All of lore.kernel.org
 help / color / mirror / Atom feed
* [PATCH] numa: Change get_mempolicy() to use nr_node_ids instead of MAX_NUMNODES
@ 2019-02-11 18:02 rcampbell
  2019-02-11 19:27 ` Andrew Morton
  0 siblings, 1 reply; 5+ messages in thread
From: rcampbell @ 2019-02-11 18:02 UTC (permalink / raw)
  To: linux-mm; +Cc: Ralph Campbell, Andrew Morton

From: Ralph Campbell <rcampbell@nvidia.com>

The system call, get_mempolicy() [1], passes an unsigned long *nodemask
pointer and an unsigned long maxnode argument which specifies the
length of the user's nodemask array in bits (which is rounded up).
The manual page says that if the maxnode value is too small,
get_mempolicy will return EINVAL but there is no system call to return
this minimum value. To determine this value, some programs search
/proc/<pid>/status for a line starting with "Mems_allowed:" and use
the number of digits in the mask to determine the minimum value.
A recent change to the way this line is formatted [2] causes these
programs to compute a value less than MAX_NUMNODES so get_mempolicy()
returns EINVAL.

Change get_mempolicy(), the older compat version of get_mempolicy(), and
the copy_nodes_to_user() function to use nr_node_ids instead of
MAX_NUMNODES, thus preserving the defacto method of computing the
minimum size for the nodemask array and the maxnode argument.

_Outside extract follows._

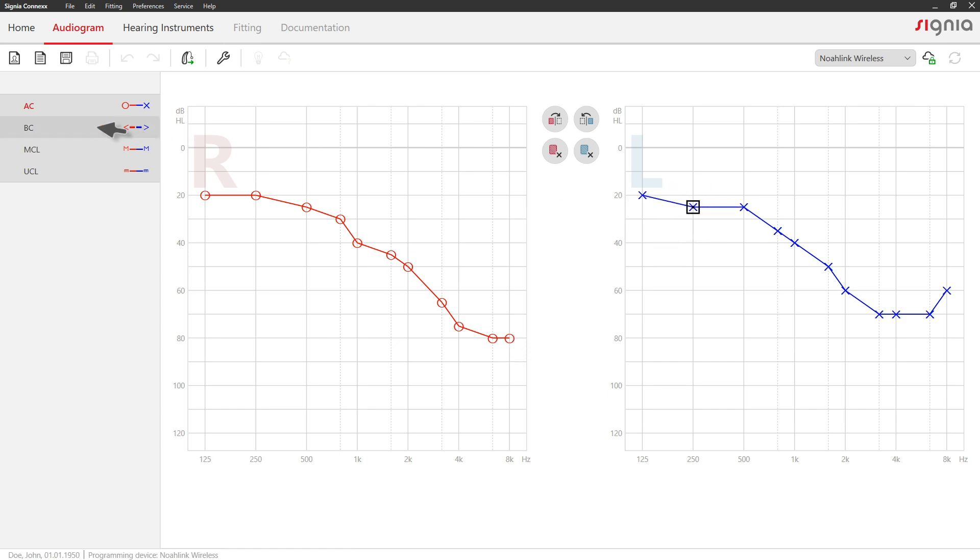Select Bone Conduction, Most Comfortable Level, or Uncomfortable Level on the left and proceed as before.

[1] http://man7.org/linux/man-pages/man2/get_mempolicy.2.html
[2] https://lore.kernel.org/lkml/1545405631-6808-1-git-send-email-longman@redhat.com

Signed-off-by: Ralph Campbell <rcampbell@nvidia.com>
Suggested-by: Alexander Duyck <alexander.duyck@gmail.com>
Cc: Andrew Morton <akpm@linux-foundation.org>
---
 mm/mempolicy.c | 6 +++---
 1 file changed, 3 insertions(+), 3 deletions(-)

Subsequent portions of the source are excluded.